Первое, что она делает — захлопывает окно. Второе — падает на кровать, словно её кто-то резко выключил изнутри. Манекен падает глухо, словно тоже устав притворяться.

Аён не снимает ни обувь, ни толстовку. Не идёт умываться, не включает свет. Просто остаётся там, посреди своей комнаты, с руками, вцепившимися в покрывало.

Несмотря на всё — на злость, стыд, на этот глупый блеск в глазах У Ёна, на боль — внутри стоит непривычное, почти тревожное спокойствие. Как затишье после бури. Или выдох перед новым витком.

Ей казалось, что если сказать вслух то, что годами не имело слов, — станет только хуже. А стало как-то легче. И пусто. Но эта пустота не пугала. Это не пустота, от которой хочется спрятаться под одеяло, это скорее пространство. Воздух. Место, где что-то может начаться.

Аён вдруг ловит себя на том, что впервые за долгое время дышит глубже. Не поверхностно, не как под прицелом — а по-настоящему. И почти, почти может поверить, что ей хватит воздуха, чтобы жить.

Она медленно тянется к телефону, не для того чтобы что-то проверить, а скорее чтобы удостовериться — реальность всё ещё здесь. Экран вспыхивает мягким светом. Время позже, чем она думала. И мир, оказывается, не остановился.

Юра и Сону успели повздорить в чате, Сону опять всё воспринимает слишком лично. Но, судя по последнему сообщению, Джиун уже разрулила. Мама написала — о, как всегда в своём стиле — что на следующей неделе Аён обязана присутствовать с ней на благотворительном вечере: «Журналистам нужны фото». И ещё — что надо сменить тушь, старая слишком мажется на камерах. У её любимой группы камбэк через три дня. Тизеры уже выходят. Прическа у солиста поменялась.

А ещё — поста больше нет.

Аён долго смотрит на экран, не моргая. Обновляет ленту ещё раз, на всякий случай — мало ли. Потом заходит на страницу. Потом — на основной аккаунт. Тот, с которого он чаще отвечал ей в личку короткими фразами: «Видел тебя на фото, к чему такой серьёзный вид?», «Ты всегда в одинаковых пальто?» или «Тебе идёт эта укладка». Никаких следов. Ни репоста, ни сохранения, ни намёка. Пост будто растворился.

Она морщит лоб. Почему-то, это вызывает не радость. Не облегчение. А настороженность. Или, может, даже непонимание. Он удалил? Сам? Зачем?

Но она не задаёт себе этот вопрос вслух.

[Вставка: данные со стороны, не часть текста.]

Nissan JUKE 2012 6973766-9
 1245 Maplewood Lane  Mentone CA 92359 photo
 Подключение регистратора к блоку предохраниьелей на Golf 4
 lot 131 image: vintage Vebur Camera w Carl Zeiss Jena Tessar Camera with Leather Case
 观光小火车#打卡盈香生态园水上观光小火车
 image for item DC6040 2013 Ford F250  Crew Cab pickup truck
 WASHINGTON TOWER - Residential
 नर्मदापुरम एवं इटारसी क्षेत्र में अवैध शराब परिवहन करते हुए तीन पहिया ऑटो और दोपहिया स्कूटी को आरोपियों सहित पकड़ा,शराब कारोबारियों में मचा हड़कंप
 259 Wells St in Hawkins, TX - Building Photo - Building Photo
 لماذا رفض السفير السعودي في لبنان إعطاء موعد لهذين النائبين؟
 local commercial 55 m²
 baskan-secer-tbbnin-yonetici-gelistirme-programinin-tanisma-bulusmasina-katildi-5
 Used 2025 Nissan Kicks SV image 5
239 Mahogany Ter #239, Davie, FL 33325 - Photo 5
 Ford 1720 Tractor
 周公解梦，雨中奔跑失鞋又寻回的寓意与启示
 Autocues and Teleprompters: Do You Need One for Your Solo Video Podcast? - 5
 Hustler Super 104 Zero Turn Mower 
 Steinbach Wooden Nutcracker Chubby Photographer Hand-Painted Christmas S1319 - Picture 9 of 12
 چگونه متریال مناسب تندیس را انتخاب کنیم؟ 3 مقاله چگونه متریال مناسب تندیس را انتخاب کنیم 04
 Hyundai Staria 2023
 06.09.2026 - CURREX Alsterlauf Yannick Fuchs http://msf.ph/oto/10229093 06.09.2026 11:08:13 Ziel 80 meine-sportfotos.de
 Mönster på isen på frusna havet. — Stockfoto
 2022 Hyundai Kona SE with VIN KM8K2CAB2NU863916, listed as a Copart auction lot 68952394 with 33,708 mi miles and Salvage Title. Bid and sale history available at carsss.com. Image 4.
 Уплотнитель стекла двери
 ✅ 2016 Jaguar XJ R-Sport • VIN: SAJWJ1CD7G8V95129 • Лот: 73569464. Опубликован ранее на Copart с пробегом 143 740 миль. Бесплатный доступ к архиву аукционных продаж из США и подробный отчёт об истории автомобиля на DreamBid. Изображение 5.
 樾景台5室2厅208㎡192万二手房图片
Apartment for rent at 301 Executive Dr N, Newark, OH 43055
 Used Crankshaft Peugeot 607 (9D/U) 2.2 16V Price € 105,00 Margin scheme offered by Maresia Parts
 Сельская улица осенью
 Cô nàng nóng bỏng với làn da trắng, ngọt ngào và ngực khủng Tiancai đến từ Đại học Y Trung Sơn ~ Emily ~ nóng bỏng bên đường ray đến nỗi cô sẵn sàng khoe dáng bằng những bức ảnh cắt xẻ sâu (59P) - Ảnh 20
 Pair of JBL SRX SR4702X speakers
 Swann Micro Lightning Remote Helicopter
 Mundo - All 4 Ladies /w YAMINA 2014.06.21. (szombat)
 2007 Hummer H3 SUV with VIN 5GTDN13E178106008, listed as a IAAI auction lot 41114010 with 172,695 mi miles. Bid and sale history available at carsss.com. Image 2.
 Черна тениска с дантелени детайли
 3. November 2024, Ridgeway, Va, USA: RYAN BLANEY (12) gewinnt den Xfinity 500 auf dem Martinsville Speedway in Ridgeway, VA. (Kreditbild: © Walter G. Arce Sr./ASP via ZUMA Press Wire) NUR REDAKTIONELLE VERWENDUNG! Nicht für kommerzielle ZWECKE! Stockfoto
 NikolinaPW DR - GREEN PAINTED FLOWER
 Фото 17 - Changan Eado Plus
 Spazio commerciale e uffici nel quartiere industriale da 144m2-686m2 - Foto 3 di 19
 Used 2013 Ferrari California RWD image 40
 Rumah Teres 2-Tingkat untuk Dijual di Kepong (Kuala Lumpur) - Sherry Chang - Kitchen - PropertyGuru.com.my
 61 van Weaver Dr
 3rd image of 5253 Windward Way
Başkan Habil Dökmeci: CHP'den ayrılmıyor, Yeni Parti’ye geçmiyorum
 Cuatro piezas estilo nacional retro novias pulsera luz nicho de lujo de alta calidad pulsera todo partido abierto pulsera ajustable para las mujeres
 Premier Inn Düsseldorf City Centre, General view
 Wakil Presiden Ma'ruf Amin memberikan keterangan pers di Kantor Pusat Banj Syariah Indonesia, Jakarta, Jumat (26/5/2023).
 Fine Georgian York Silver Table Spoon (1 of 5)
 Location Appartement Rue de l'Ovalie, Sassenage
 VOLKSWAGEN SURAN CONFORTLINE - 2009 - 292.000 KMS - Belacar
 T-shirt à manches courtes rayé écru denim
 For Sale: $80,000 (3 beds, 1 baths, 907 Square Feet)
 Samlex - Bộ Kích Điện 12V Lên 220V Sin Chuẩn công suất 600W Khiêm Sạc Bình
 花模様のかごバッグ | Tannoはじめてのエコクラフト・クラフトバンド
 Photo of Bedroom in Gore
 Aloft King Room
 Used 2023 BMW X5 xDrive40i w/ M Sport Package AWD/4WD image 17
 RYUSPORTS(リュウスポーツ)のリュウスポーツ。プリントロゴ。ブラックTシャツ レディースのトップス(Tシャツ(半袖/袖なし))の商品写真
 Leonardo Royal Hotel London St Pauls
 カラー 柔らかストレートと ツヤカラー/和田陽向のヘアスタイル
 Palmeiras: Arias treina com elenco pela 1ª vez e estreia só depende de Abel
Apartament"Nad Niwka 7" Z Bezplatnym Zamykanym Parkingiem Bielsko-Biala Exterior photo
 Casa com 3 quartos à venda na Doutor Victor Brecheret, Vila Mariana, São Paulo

Только снова отклоняется назад, в мягкие подушки, и на этот раз по-настоящему прикрывает глаза.

Что бы это ни было, сегодня она уже сказала достаточно. Себе — в первую очередь.

И если это и есть начало конца, или конец начала — она примет это. Потому что впервые за долгое время почувствовала: она не просто красивая оболочка. Она — человек. С живыми чувствами. С усталостью. С голосом. И с правом быть услышанной. Даже если всего один раз.